Vos actions montrent que vous êtes vigilants sur les dangers les plus graves qui nous menacent aujourd'hui. Vos principes et votre action sont toujours inspirés par votre amour de la France. À ce titre, vous êtes particulièrement préoccupés par les dangers qui pèsent sur notre identité nationale.
Il faut remettre en vigueur les véritables principes. Il faut, comme le disait le Général de Gaulle dans son discours du 30 mai 1968, faire appel à l’action civique des Français. Il faut restaurer les principes d'initiative et de liberté. Et il faut aussi garder l'espoir, car, selon la formule qui vous sert de devise : Il n’y a de fatalité que celle des peuples qui se couchent pour mourir, et nous ne voulons pas nous coucher !

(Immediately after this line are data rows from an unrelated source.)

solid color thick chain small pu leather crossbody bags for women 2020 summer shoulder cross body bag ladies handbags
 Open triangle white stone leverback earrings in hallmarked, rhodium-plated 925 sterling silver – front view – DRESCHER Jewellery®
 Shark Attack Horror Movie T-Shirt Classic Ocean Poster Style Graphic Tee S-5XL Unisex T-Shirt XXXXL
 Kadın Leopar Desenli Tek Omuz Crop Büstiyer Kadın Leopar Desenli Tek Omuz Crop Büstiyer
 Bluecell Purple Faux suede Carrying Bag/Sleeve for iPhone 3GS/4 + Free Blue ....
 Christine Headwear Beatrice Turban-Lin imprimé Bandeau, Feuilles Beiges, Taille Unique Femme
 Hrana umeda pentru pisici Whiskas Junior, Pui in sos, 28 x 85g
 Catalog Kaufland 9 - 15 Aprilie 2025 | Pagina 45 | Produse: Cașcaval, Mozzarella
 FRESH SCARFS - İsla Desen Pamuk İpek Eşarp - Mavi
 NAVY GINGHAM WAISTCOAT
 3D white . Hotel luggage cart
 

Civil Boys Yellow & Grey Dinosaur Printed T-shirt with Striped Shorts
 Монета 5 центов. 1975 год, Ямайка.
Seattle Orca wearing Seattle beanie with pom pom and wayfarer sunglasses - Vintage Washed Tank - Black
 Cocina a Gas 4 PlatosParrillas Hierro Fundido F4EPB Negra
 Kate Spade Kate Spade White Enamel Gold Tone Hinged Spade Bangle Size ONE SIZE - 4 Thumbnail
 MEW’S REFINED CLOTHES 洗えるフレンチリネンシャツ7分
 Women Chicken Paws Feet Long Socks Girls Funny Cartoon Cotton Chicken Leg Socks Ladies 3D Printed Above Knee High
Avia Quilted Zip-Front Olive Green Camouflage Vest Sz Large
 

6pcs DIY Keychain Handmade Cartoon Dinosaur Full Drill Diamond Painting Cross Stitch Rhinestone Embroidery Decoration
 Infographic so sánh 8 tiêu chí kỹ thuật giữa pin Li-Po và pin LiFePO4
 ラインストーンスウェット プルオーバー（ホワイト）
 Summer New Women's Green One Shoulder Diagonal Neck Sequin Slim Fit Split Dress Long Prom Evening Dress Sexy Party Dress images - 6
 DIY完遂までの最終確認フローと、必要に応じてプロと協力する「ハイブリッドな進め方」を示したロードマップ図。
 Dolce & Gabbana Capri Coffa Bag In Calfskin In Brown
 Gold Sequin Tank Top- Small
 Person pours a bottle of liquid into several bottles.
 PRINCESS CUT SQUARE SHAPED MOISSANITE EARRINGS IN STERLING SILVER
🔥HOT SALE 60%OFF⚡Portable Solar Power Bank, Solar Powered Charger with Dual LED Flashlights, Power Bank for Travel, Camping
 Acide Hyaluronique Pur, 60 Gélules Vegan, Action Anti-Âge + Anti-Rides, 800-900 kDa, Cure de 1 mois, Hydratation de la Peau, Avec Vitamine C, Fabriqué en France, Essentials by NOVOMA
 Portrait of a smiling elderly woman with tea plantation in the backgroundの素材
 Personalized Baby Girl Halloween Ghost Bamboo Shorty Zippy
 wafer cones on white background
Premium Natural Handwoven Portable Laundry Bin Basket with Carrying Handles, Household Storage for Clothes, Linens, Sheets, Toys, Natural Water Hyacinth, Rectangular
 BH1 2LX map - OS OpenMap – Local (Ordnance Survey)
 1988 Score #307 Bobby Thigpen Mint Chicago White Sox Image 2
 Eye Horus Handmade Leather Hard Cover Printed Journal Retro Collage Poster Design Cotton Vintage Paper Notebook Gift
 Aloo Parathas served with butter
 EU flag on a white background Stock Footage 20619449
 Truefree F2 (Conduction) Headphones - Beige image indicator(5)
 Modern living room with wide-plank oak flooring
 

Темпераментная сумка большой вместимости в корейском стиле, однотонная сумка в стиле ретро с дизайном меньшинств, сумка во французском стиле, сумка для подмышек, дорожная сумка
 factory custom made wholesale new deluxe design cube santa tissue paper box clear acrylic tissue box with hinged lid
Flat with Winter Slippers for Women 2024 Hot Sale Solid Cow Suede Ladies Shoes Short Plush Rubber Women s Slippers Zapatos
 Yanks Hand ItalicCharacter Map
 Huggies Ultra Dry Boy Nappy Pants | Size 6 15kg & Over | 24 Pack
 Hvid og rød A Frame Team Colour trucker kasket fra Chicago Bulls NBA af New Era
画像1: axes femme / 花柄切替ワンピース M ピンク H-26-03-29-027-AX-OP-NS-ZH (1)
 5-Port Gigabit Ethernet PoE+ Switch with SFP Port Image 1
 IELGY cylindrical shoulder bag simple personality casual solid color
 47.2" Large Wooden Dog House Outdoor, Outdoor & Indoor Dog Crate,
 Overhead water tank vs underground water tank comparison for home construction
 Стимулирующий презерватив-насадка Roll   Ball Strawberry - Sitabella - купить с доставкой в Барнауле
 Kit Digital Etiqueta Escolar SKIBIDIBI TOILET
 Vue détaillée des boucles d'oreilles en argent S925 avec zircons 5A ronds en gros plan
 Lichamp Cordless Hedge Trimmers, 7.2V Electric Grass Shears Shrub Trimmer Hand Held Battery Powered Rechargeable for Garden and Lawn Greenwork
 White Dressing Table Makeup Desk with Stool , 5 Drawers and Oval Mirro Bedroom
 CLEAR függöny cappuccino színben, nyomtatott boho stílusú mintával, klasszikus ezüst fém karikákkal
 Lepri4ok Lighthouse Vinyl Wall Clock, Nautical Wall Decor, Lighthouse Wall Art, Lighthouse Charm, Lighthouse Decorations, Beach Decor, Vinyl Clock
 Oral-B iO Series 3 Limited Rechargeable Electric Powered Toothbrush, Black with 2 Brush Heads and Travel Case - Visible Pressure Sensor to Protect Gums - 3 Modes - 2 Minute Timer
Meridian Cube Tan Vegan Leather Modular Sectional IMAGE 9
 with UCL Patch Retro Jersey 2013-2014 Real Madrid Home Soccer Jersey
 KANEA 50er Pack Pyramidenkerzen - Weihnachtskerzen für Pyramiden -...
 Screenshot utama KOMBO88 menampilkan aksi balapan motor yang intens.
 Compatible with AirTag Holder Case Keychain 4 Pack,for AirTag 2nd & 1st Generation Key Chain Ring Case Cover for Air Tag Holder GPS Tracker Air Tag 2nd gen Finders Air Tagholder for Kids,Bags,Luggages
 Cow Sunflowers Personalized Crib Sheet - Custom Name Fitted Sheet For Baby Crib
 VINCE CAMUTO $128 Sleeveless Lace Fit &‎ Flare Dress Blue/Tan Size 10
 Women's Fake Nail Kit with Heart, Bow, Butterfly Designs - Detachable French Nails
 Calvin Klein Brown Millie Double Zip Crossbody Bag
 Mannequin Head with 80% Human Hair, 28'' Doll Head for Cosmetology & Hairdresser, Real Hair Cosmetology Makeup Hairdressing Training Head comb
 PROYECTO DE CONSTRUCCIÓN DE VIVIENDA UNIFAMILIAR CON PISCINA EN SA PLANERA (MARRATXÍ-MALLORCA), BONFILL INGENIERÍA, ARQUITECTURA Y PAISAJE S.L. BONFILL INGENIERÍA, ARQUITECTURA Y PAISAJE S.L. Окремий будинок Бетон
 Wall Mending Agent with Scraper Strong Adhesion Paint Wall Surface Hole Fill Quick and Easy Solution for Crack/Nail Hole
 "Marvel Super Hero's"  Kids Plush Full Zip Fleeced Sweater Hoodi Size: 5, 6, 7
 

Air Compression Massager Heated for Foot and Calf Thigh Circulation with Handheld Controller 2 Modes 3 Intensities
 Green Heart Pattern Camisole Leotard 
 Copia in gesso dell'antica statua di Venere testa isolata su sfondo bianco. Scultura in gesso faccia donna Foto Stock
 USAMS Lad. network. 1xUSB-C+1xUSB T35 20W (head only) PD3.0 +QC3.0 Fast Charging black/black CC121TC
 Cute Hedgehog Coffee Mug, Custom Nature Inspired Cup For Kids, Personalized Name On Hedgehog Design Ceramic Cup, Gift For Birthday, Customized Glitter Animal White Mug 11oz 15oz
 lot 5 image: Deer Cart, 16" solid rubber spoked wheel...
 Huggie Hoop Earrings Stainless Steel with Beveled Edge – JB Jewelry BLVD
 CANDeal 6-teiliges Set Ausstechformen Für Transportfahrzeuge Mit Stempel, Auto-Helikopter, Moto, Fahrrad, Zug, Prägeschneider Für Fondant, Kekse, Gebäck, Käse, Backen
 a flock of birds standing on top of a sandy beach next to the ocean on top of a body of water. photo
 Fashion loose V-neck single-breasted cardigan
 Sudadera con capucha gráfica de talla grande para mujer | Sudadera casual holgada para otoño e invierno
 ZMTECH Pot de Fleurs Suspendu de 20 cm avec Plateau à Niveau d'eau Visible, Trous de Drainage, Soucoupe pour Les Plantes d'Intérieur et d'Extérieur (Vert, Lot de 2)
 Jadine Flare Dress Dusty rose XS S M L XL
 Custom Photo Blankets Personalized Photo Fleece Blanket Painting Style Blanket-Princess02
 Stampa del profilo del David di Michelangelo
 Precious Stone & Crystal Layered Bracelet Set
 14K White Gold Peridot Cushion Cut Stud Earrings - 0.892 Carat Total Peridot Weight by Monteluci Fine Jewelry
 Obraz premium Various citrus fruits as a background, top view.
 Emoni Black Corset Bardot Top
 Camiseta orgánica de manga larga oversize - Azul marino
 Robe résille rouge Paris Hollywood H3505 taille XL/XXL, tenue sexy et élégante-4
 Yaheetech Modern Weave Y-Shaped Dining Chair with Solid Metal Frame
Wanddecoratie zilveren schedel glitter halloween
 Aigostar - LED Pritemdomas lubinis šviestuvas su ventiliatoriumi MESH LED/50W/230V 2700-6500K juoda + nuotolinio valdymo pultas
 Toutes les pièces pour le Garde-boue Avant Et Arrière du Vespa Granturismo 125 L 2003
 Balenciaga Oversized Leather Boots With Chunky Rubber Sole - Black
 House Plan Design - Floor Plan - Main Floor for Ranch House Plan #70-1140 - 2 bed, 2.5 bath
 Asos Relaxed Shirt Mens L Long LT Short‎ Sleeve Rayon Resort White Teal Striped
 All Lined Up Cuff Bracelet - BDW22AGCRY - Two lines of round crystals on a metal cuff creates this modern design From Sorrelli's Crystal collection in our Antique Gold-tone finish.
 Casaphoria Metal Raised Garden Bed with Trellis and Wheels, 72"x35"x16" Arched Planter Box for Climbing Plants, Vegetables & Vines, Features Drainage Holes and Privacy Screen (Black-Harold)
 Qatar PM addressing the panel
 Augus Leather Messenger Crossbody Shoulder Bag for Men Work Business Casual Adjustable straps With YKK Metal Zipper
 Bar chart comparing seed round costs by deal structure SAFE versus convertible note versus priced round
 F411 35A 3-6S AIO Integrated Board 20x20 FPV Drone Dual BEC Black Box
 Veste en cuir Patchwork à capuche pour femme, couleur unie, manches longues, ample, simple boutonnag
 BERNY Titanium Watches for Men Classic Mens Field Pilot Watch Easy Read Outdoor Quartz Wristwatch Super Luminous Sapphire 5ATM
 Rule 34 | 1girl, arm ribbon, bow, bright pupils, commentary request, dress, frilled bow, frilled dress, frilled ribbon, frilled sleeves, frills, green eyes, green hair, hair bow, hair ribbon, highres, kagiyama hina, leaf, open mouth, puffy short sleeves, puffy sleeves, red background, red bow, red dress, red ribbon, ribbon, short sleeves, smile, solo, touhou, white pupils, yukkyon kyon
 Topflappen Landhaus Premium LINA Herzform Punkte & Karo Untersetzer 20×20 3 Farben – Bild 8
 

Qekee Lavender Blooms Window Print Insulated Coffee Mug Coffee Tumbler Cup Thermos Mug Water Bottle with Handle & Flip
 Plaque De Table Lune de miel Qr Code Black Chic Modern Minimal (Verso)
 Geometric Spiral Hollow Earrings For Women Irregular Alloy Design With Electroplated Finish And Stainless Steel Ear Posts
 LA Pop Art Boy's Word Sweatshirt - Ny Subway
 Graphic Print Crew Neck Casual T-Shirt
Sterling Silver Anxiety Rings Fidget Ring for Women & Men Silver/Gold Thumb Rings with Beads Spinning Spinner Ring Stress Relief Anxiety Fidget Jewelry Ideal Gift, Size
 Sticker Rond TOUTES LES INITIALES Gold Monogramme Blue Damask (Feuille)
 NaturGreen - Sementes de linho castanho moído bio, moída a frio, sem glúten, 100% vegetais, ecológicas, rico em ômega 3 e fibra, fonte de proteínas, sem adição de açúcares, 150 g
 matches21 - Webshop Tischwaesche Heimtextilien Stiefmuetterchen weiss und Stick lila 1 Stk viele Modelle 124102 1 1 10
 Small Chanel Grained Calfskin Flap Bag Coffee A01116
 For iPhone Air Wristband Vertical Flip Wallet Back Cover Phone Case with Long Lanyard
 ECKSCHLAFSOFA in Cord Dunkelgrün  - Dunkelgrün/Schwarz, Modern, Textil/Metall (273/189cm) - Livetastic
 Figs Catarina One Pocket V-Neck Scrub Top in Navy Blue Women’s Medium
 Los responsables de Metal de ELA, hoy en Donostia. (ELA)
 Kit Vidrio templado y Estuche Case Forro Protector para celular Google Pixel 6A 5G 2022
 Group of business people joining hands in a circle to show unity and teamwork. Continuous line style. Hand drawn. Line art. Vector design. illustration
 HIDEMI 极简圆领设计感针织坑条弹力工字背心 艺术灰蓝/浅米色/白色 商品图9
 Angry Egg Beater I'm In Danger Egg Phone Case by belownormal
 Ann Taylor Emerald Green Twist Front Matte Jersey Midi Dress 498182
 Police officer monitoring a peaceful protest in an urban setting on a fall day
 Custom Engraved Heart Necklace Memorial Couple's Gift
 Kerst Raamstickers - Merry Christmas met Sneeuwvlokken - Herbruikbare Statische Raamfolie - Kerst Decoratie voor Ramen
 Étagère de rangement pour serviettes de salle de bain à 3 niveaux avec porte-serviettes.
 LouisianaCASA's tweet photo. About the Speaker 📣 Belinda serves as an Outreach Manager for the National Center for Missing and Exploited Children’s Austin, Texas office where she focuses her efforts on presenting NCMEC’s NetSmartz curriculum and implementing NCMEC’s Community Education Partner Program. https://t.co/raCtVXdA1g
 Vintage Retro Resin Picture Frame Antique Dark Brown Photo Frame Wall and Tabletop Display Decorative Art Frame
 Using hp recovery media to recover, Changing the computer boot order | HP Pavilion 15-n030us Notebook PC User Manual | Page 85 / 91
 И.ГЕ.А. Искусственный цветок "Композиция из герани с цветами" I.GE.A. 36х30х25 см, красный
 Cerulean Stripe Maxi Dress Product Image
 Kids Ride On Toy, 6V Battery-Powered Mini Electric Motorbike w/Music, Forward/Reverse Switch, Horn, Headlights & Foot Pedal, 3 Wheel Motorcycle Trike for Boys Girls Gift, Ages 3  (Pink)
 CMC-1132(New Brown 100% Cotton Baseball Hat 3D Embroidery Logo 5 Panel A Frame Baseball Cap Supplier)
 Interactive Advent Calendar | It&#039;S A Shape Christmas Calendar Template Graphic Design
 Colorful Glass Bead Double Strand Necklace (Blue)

Vous avez démontré votre fidélité et votre efficacité en vous prononçant parmi les premiers pour la candidature de Jacques Chirac et en consacrant toute votre énergie à la campagne qui a conduit à son élection à la présidence de la République. Vous pouvez être fiers - nous pouvons tous être fiers, car je me considère comme l’un des vôtres - d’avoir contribué à donner à la France le chef qui est en train de la ramener sur les voies de la grandeur.
Pour le service de la France, une grande tâche nous attend.